> _WHAT IS EXPECTED_
Leave the pictures out and quote every line from the start of the listing to the line with "The Temptations - Hear", inclusive.

(RAW DATA Opens)

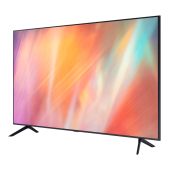 Photo Телевизор Samsung AU7100 65&quot; 3840x2160 (Ultra HD) чёрный, UE65AU7100UXCE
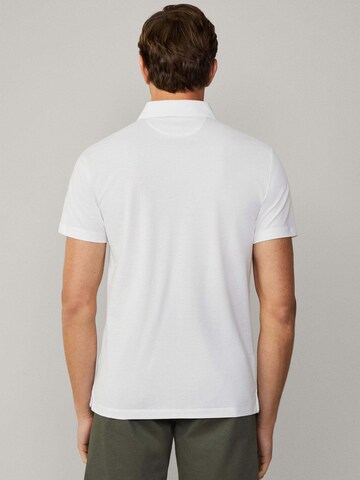 T-Shirt 'Mercerised' Hackett London en blanc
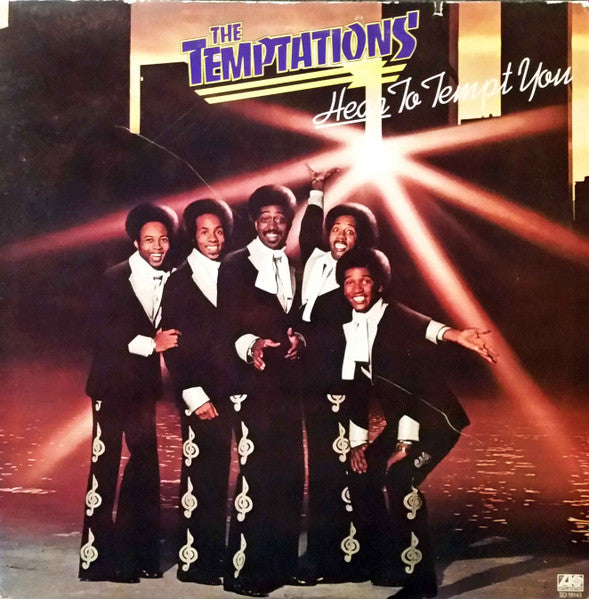 The Temptations - Hear To Tempt You - Used - LP - Stereo - 33 ⅓ RPM - 1977 Reissue VG/VG
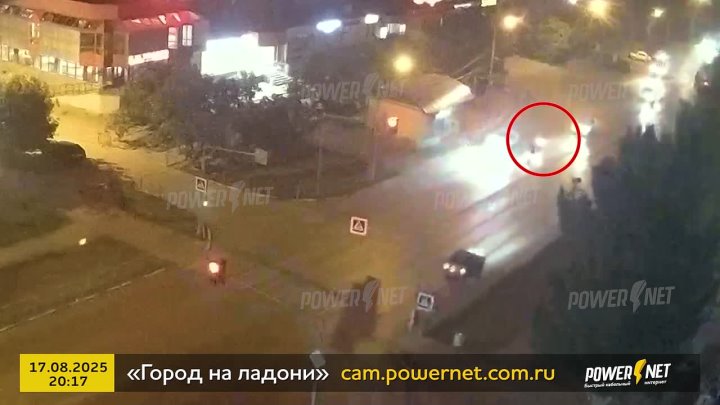 ДТП (авария г. Волжский) ул. Мира, «магазин Заря» 17-08-2025 20-17 в Волжском, 18.08.2025 в 20:00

(RAW DATA Closes)

> _ANSWER_
 Photo Телевизор Samsung AU7100 65&quot; 3840x2160 (Ultra HD) чёрный, UE65AU7100UXCE
 T-Shirt 'Mercerised' Hackett London en blanc
 The Temptations - Hear To Tempt You - Used - LP - Stereo - 33 ⅓ RPM - 1977 Reissue VG/VG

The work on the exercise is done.